Kista Cox on a provision in the TPP trade negotiation that would restore right to sue surgeons and other medical professionals for patent infringement. The US law (35 USC 287(c)) was changed after lawsuits were filed against surgeons performing certain procedures in eye surgery. USTR and USPTO have been asked to protect this exception in the TPP Intellectual Property Chapter, but have not done so.
In patent law, many countries have excluded “therapeutic and surgical methods for the treatment of humans.” This is either done by excluding the patentability of the subject matter, or by providing a limitation on the remedies for infringement.
The language that USTR and USPTO have proposed for the TPP would eliminate the flexibility found in the WTO TRIPS Agreement to “exclude from patentability . . . diagnostic, therapeutic and surgical methods for the treatment of humans or animals.”
Patentable Subject Matter
3. Members may also exclude from patentability:
(a) diagnostic, therapeutic and surgical methods for the treatment of humans or animals;
The US law permits patents to be granted, but not enforced against a “medical practitioner or against a related health care entity” (see definition below). The US law, sought by the AMA, would permit patent owners to seek damages and other remedies from manufacturers of devices used in surgery, but not against the surgeon or the other medical practitioners or health care entities, for performing a procedure.
The US proposals in the TPP do not permit exceptions to either the granting of patents on the subject matter or the enforcement of the patents against a “medical practitioner or against a related health care entity.”
For more on this issue, see: Patents and Doctors, and the USTR TPP text (/node/1093 )
35 U.S.C. 287 Limitation on damages and other remedies; marking and notice.
- (1) With respect to a medical practitioner’s performance of a medical activity that constitutes an infringement under section 271(a) or (b) of this title, the provisions of sections 281, 283, 284, and 285 of this title shall not apply against the medical practitioner or against a related health care entity with respect to such medical activity.
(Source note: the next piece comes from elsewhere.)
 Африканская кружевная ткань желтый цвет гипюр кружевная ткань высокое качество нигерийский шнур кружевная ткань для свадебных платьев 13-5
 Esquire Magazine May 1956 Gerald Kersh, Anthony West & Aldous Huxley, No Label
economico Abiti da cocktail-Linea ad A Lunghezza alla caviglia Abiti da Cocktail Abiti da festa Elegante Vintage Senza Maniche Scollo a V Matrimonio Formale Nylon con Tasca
- (2) For the purposes of this subsection:
- (A) the term “medical activity” means the performance of a medical or surgical procedure on a body, but shall not include (i) the use of a patented machine, manufacture, or composition of matter in violation of such patent, (ii) the practice of a patented use of a composition of matter in violation of such patent, or (iii) the practice of a process in violation of a biotechnology patent.
- (B) the term “medical practitioner” means any natural person who is licensed by a State to provide the medical activity described in subsection (c)(1) or who is acting under the direction of such person in the performance of the medical activity.
- (C) the term “related health care entity” shall mean an entity with which a medical practitioner has a professional affiliation under which the medical practitioner performs the medical activity, including but not limited to a nursing home, hospital, university, medical school, health maintenance organization, group medical practice, or a medical clinic.
- (D) the term “professional affiliation” shall mean staff privileges, medical staff membership, employment or contractual relationship, partnership or ownership interest, academic appointment, or other affiliation under which a medical practitioner provides the medical activity on behalf of, or in association with, the health care entity.
- (E) the term “body” shall mean a human body, organ or cadaver, or a nonhuman animal used in medical research or instruction directly relating to the treatment of humans.
- (F) the term “patented use of a composition of matter” does not include a claim for a method of performing a medical or surgical procedure on a body that recites the use of a composition of matter where the use of that composition of matter does not directly contribute to achievement of the objective of the claimed method.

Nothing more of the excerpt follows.